===== Supplied records =====

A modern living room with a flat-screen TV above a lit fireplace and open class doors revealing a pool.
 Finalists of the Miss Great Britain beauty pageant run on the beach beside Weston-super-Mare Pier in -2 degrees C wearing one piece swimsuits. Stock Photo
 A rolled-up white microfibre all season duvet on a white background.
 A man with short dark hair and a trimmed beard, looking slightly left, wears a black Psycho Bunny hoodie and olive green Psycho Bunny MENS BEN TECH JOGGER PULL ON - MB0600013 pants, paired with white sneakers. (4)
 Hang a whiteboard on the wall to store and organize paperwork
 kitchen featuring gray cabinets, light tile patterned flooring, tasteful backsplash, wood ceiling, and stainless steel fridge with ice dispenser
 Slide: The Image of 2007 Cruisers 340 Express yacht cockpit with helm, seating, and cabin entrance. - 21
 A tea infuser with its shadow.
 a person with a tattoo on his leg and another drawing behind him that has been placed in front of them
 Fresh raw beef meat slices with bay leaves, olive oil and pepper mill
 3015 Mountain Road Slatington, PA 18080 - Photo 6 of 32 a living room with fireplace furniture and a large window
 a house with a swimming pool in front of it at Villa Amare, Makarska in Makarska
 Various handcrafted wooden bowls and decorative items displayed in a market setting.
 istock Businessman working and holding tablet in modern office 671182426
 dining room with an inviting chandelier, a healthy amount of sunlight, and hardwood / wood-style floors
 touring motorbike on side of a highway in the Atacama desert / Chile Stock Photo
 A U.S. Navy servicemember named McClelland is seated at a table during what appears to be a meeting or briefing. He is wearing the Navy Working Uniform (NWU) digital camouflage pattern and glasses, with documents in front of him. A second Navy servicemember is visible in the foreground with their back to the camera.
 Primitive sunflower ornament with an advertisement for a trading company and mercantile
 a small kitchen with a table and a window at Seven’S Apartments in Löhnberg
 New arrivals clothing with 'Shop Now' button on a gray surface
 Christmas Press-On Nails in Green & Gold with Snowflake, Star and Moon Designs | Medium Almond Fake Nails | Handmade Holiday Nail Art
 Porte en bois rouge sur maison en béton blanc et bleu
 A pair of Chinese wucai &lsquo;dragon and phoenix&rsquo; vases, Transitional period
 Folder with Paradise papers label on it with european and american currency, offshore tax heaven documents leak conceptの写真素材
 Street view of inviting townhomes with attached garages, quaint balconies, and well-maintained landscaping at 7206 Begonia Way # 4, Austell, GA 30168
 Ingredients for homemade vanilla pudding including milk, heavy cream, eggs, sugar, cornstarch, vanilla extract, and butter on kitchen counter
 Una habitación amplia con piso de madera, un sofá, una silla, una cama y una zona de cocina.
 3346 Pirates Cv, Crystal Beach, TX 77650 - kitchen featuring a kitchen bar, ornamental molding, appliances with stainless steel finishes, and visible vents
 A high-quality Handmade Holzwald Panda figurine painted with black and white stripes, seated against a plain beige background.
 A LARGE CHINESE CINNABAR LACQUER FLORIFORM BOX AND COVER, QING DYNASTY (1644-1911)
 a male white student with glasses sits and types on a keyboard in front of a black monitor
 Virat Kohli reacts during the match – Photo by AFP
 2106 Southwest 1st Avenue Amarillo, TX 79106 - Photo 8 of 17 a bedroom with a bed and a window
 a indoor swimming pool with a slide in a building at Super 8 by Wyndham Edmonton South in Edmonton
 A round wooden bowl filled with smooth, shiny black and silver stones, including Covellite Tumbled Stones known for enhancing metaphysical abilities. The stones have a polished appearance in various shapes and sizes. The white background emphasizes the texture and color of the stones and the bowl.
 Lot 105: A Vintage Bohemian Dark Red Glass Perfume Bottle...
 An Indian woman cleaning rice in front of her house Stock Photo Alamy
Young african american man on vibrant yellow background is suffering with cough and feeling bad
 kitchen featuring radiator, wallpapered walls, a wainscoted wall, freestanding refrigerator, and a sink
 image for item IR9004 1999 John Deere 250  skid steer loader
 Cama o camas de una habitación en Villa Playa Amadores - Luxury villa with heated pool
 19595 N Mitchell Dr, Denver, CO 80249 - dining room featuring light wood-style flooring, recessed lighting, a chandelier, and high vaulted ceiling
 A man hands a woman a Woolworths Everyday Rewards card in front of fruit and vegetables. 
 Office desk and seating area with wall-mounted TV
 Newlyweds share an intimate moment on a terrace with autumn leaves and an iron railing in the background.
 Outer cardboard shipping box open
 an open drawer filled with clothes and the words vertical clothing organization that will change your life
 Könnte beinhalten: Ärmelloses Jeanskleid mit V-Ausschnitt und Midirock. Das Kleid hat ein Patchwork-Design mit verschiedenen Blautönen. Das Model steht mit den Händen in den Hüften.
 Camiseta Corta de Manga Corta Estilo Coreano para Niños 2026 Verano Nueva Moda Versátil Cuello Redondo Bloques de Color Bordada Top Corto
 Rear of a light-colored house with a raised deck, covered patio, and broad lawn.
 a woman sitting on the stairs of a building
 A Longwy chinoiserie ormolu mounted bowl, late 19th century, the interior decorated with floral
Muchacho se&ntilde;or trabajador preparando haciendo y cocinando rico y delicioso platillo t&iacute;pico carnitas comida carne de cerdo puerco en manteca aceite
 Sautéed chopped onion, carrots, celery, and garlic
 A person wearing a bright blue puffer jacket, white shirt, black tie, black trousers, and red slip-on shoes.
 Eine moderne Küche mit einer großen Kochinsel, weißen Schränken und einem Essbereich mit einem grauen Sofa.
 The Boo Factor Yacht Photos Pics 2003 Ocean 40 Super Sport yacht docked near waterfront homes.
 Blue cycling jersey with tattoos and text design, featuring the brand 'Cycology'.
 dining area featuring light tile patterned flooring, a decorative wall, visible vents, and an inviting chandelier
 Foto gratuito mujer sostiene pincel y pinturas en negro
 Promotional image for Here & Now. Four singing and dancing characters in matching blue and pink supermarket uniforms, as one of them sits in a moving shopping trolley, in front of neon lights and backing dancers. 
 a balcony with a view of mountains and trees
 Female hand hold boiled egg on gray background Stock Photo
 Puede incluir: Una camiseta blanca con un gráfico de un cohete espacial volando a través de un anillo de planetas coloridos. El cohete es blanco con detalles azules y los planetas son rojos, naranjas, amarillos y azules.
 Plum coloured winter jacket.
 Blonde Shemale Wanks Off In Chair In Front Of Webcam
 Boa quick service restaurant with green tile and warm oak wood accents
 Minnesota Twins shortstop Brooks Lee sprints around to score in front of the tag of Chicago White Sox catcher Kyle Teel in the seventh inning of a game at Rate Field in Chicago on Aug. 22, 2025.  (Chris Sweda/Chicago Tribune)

=====

__About this exercise__: Filter the records down to the lines that contain the string "steel", and copy those lines.

__Response to this exercise__:
 kitchen featuring gray cabinets, light tile patterned flooring, tasteful backsplash, wood ceiling, and stainless steel fridge with ice dispenser
 3346 Pirates Cv, Crystal Beach, TX 77650 - kitchen featuring a kitchen bar, ornamental molding, appliances with stainless steel finishes, and visible vents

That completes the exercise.